Current constituency
- Created: 2024
- Member of Parliament: Martin McCluskey (Labour)
- Seats: One
- Created from: Inverclyde & Paisley and Renfrewshire North

= Inverclyde and Renfrewshire West =

UK Parliament constituency (since 2024)

Inverclyde and Renfrewshire West is a constituency of the House of Commons in the UK Parliament.
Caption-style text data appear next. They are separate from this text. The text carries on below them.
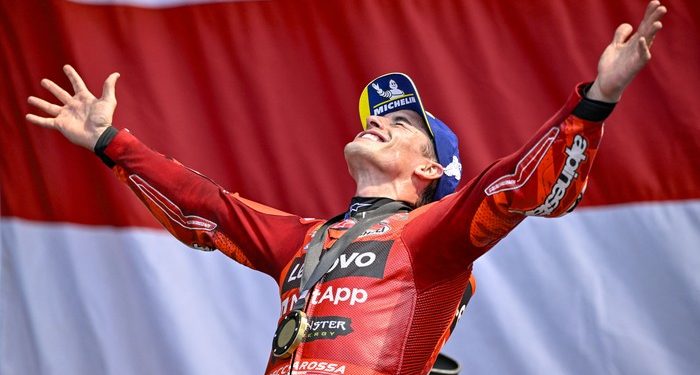 Ducati Pede, Marc Marquez Bisa Juara Dunia MotoGP 2025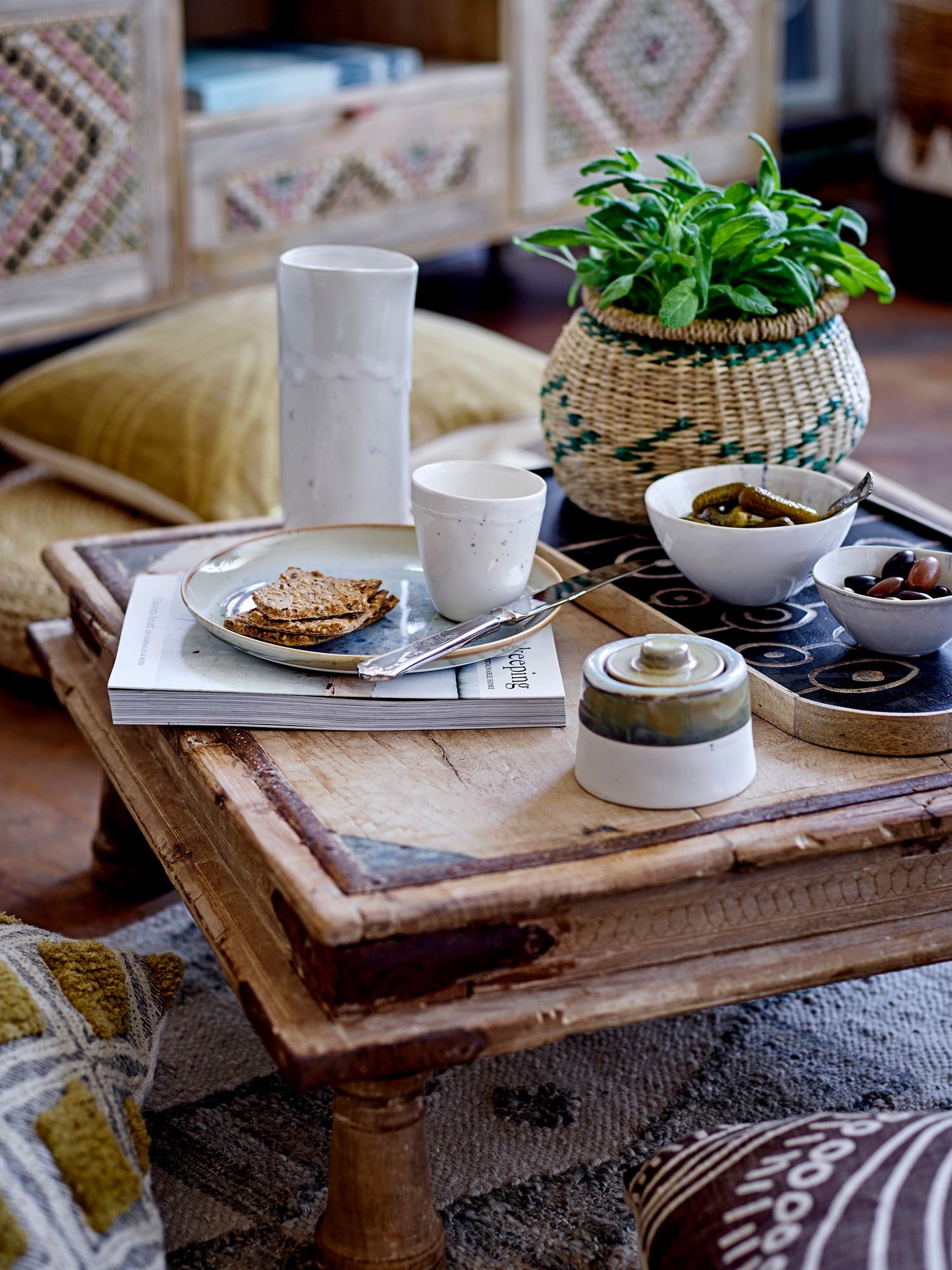 Delara Grüner Wollteppich Aus Natürlicher Wolle für Wohnzimmer Langlebigkeit und Weichheit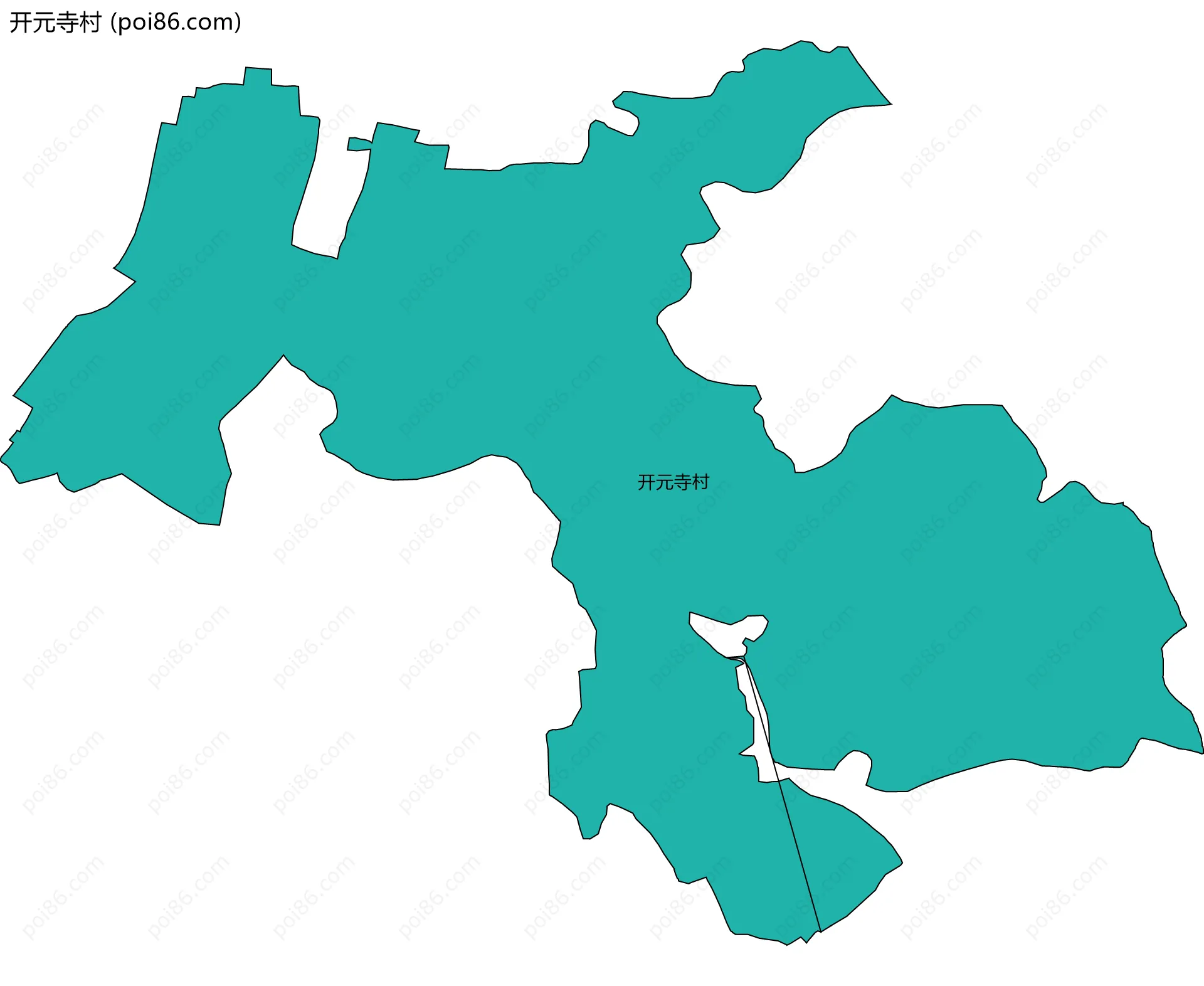 开元寺村边界地图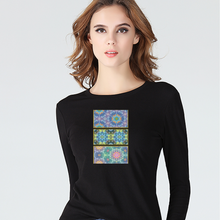 Load image into Gallery viewer, Magic Stardust : Long sleeve thin blouse -  tight fit for women  -  up to 4XL  -  95% Cotton - Free standard shipping
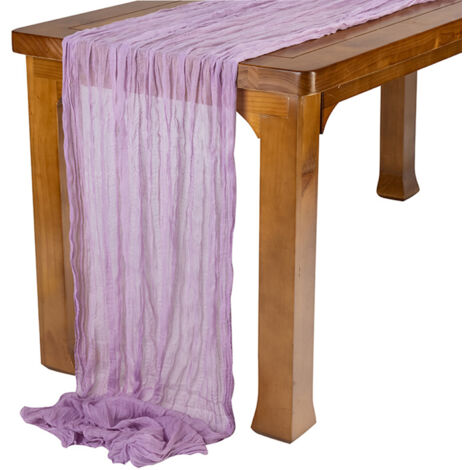 Nappe de Table Polyester Festonné pour Décoration Événements 157,5 x 35,4 inches (280g) (1/5)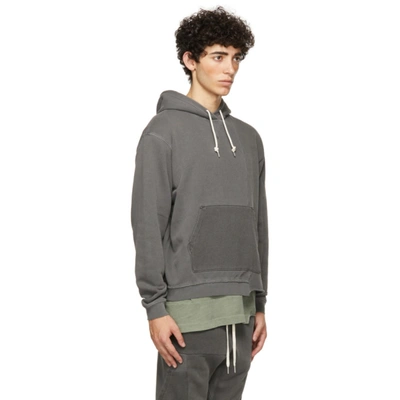 Shop John Elliott Black Reconstructed Vintage Hoodie In Washed Black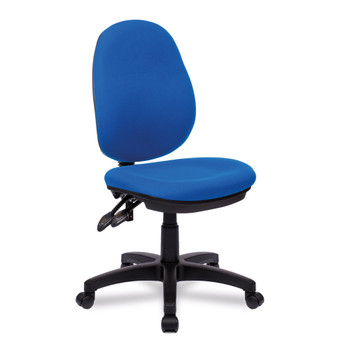 Nautilus Designs Java 200 Medium Back Twin Lever Fabric Operator Office Chair Wi BCF/P505/BL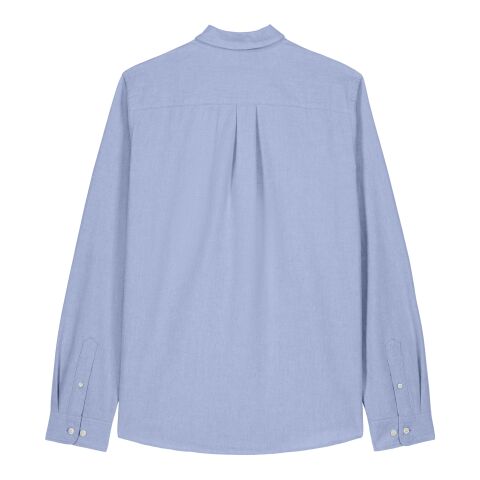 POD Stanley&amp;Stella - Stanley Oxford Shirt blau | 3XL | DTF Linke Brust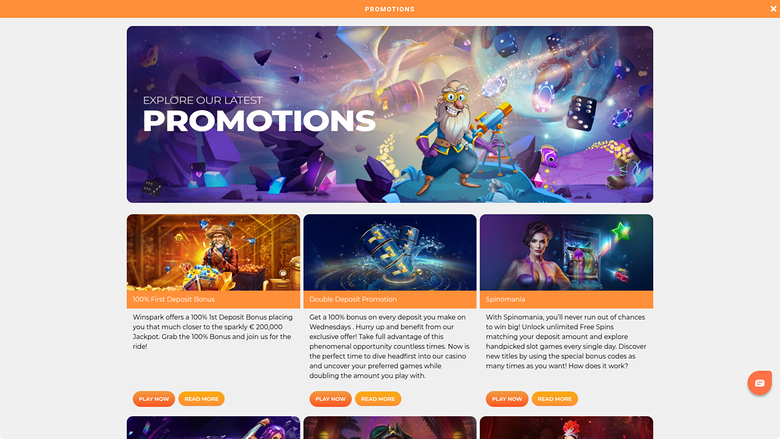 Gratorama Casino — Promotions page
Further to the completion of the 2023 review of Westminster constituencies, it was first contested at the 2024 general election, since when it has been represented by Martin McCluskey of Scottish Labour.

== Boundaries ==
The constituency is composed of the following:

- The whole of the Inverclyde Council area, comprising the wards of Inverclyde East, Inverclyde East Central, Inverclyde Central, Inverclyde North, Inverclyde South West, Inverclyde South;

- part of the Renfrewshire Council ward of Bishopton, Bridge of Weir and Langbank (southern area including Bridge of Weir); and
- part of the Renfrewshire Council ward of Houston, Crosslee and Linwood (northwestern area including the communities of Houston, Crosslee and Craigends).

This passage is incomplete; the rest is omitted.